Eventually, the bug was closed with the TC declining to take a decision (for good reasons; see the bug report for details), but one takeaway for me was that the current interface on Debian for telling the system whether or not to restart a service upon package installation or upgrade, known as polic-rc.d, is flawed, and has several issues:

  1. The interface is too powerful; it requires an executable, which will probably be written in a turing-complete language, when all most people want is to change the standard configuration for pretty much every init script
  2. The interface is undetectable. That is, for someone who has never heard of it, it is actually very difficult to discover that it exists, since the default state ("allow everything") of the interface is defined by "there is no file on the filesystem that points to it".
  3. Although the design document states that policy-rc.d scripts MUST (in the RFC sense of that word) be installed through the alternatives system, in practice the truth is that most cases where a policy-rc.d script is used, this is not done. Since only one policy-rc.d can exist at any one time, the resulting situation is so that one policy script will be overwritten by the other one, or that the cleanup routine of the one policy script will in fact clean up the other one. This situation has caused at least one Debian derivative to end up such that they thought they were installing a policy-rc.d script when in fact they were not.
  4. In some cases, it might be useful to have partial policies installed through various packages that cooperate. Given point 3, this is currently not possible.
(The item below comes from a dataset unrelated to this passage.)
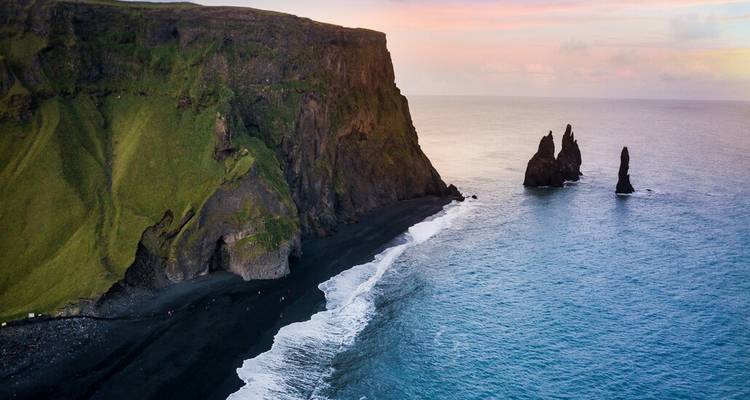 Vue aérienne de la plage de sable noir de Reynisfjara et des formations rocheuses de Reynisdrangar à l'aube aux teintes pastel.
Because I believe the current situation leaves room for improvement, by way of experiment I wrote up a proof-of-concept script called policy-rc.d-declarative, whose intent it is to use the current framework to provide a declarative interface to replace policy-rc.d with. I uploaded it to experimental back in March (because the buster release was too close at the time for me to feel comfortable to upload it to unstable still), but I have just uploaded a new version to unstable.

This is currently still an experiment, and I might decide in the end that it's a bad idea; but I do think that most things are an improvement over a plan policy-rc.d interface, so let's see how this goes.

Comments are (most certainly) welcome.